Check with your Whole Foods for these ingredients. Mine had all of them (including kombu and bonito flakes!) so you may just need to make one trip! I bought packaged shaved beef – like you would use for Philly cheesesteak ( Heritage was the brand. It worked perfectly and required zero slicing. This was such a fun recipe to make and tasted very similar to Yoshinoya – better of course!
I totally forgot about Yoshinoya beef bowls until I saw this recipe! I used to be obsessed, so I’m so excited to try this recipe. Would the beef in the recipe be the bulgogi one at a Korean market? Or chadol?
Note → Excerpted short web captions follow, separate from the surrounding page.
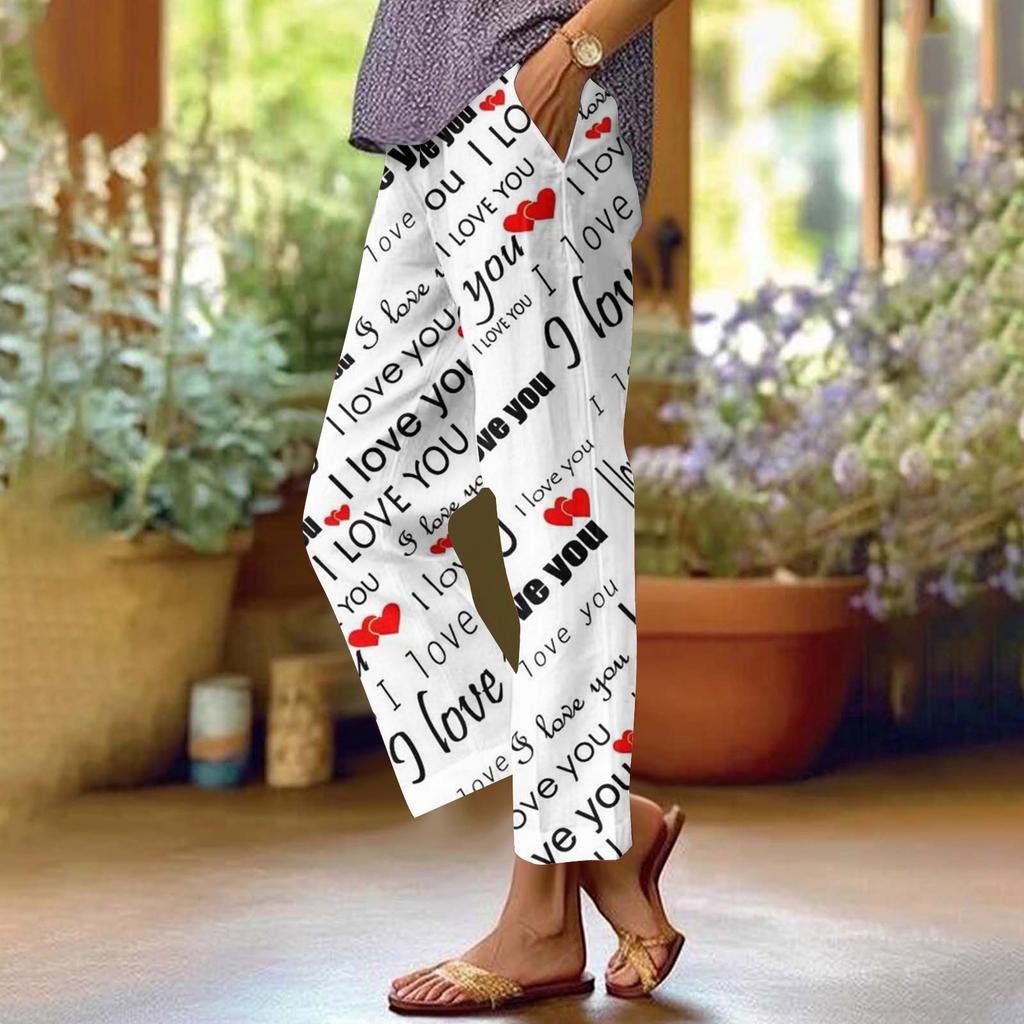 Damenhose aus Baumwollleinen, bedruckt, Sommerhose mit weitem Bein, lässig, locker, Kordelzug, hohe Taille, Palazzo-Hose mit Taschen
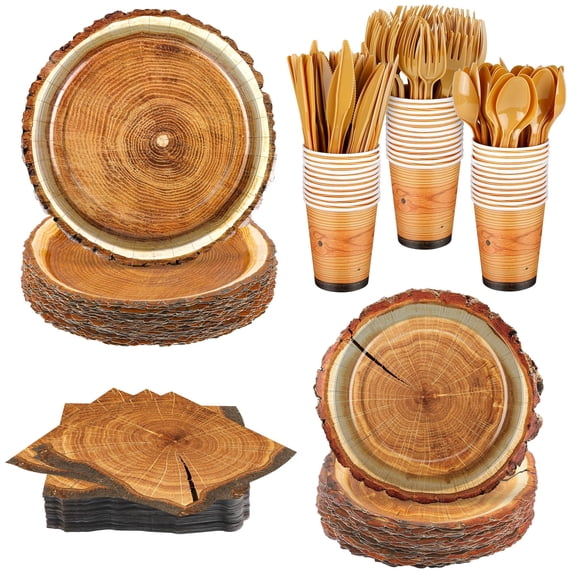 Kochorie 350 PCS Camping Wood Grain Slice Tableware Set Rustic Camping Plates Napkins Cups Cutlery Hunting Birthday Party Decorations Lumberjack Dinner Camping Party Decorations Serve 50 Guests Y101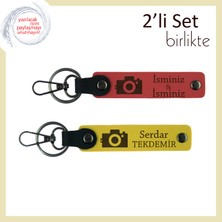 Miawiki Fotoğraf Çekmeyi Sevenlere, Kamera Temalı, Kişisel 2’li Anahtarlık Hediye Seti, Nar Çiçeği-Sarı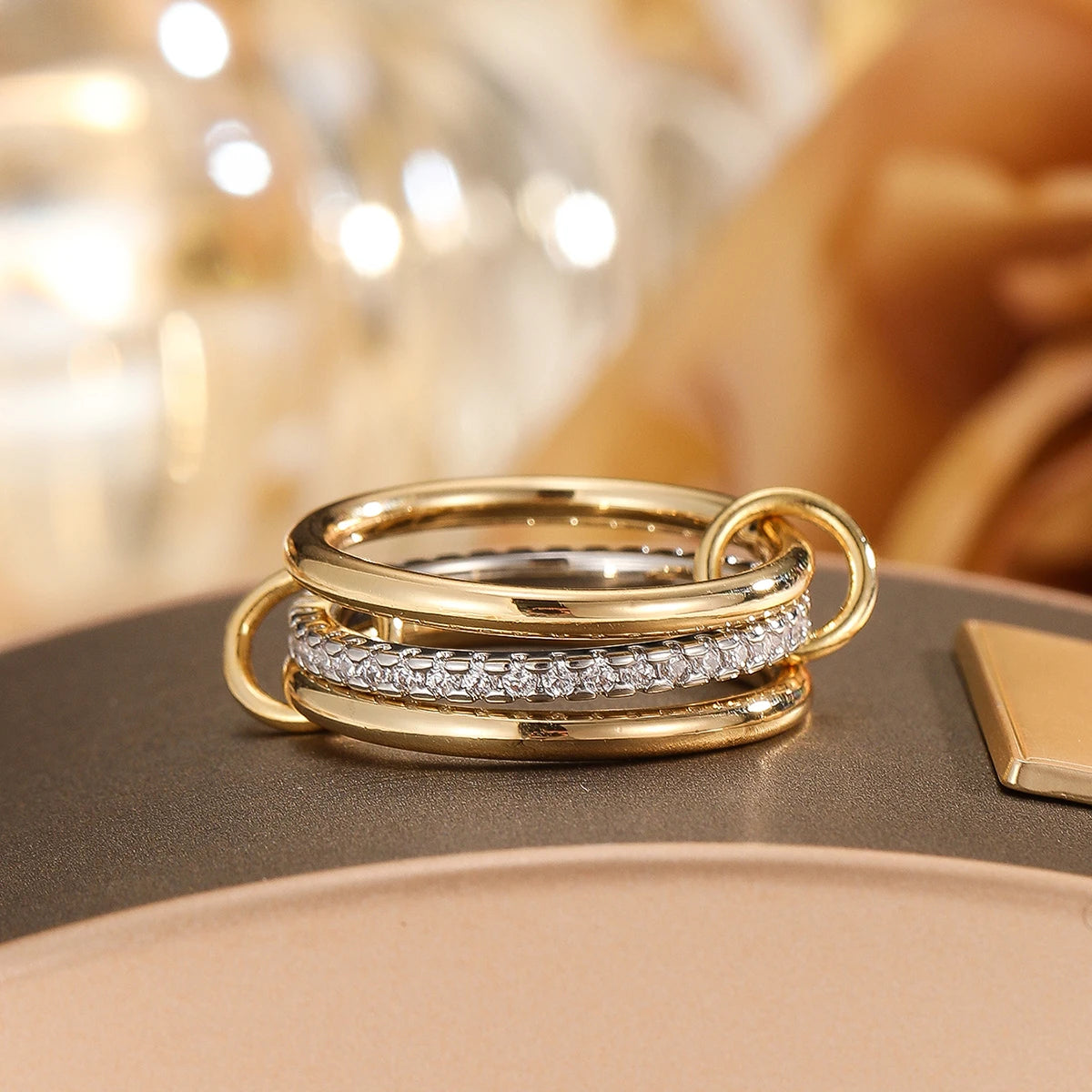 Two-Tone Stacking Ring  – Hypoallergenic Copper Jewellery with Gold & Silver Linked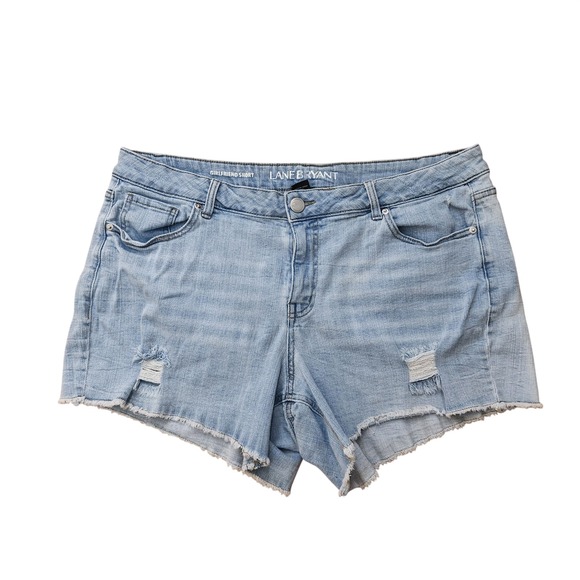 Lane Bryant Pants - Lane Bryant Light Wash Distressed Girlfriend Denim Shorts Womens Plus Size 18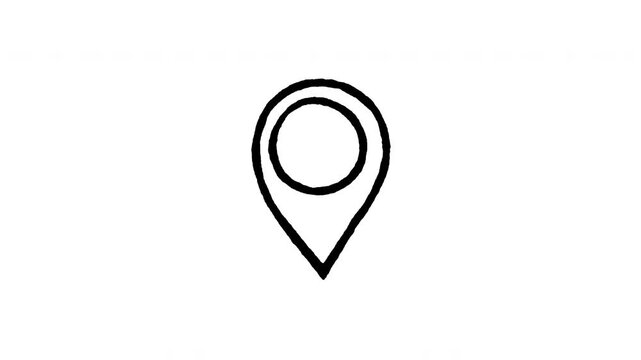 Animated 4K blank location pin doodle icon with line boil action. Hand drawn line art on black and green screen backgrounds for map pin marker, place pointer, GPS navigation destination.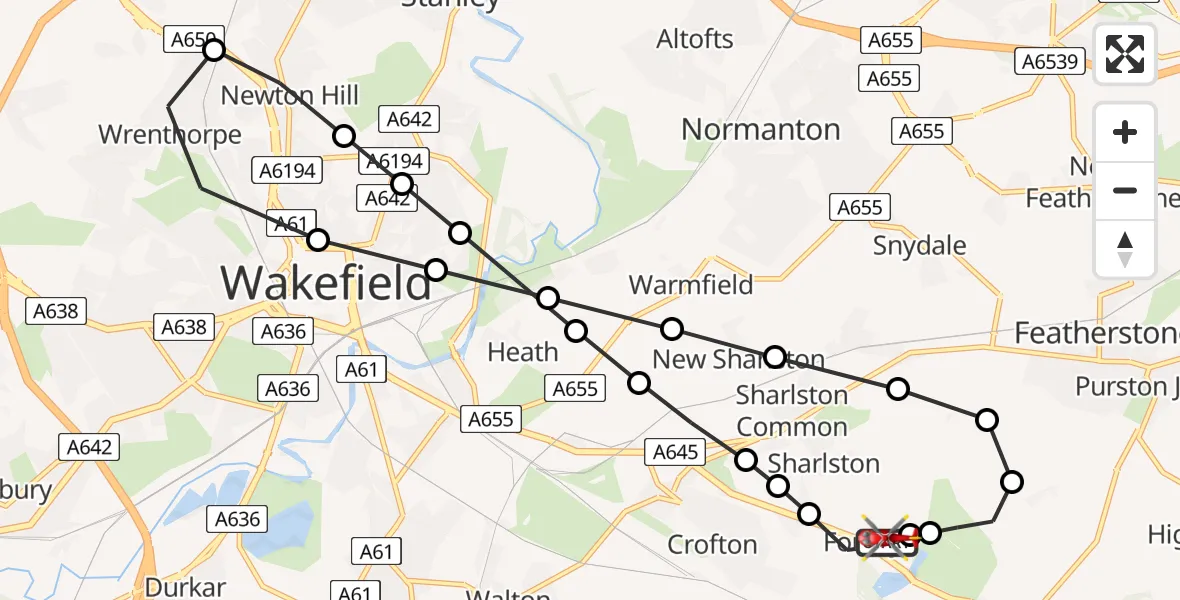 Flight path map showing Air Ambulance Helicopter route from YAA Nostell Helicopter Port to YAA Nostell Helicopter Port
Or shabu? (Or another thin sliced one?)
Thank youuu
The recipe looks interesting, I would be happier if I already had the ingredients of kombu, bonito flakes, red pickled ginger, mirin and sake!!!!!!!!!!!!!!!!!!! Usually I avoid recipes that make me buy 1 teaspoon of something or a 1/4 of a cup of another ingredient.
The recipe’s directions stops abruptly with # 2 and doesn’t say what to do with the broth???????? Do we distribute it into the 4 bowls and does this now become more like a soup?????
Great question! The dashi broth is used in step #2.
2. Heat dashi broth, onion, sake, mirin, soy sauce and sugar in a large stockpot or Dutch oven over medium high heat. Bring to a boil; reduce heat and simmer, about 8 minutes.
For the GYUDON (JAPANESE BEEF RICE BOWL), I get that the broth is used to heat the onions and beef. But step 5 says nothing about using the broth afterwards, do you divide it among the 4 bowls after placing the beef, eggs, pickled ginger and garnishes on top of the rice?
Great idea this morning…lots of new names but sure be tasty!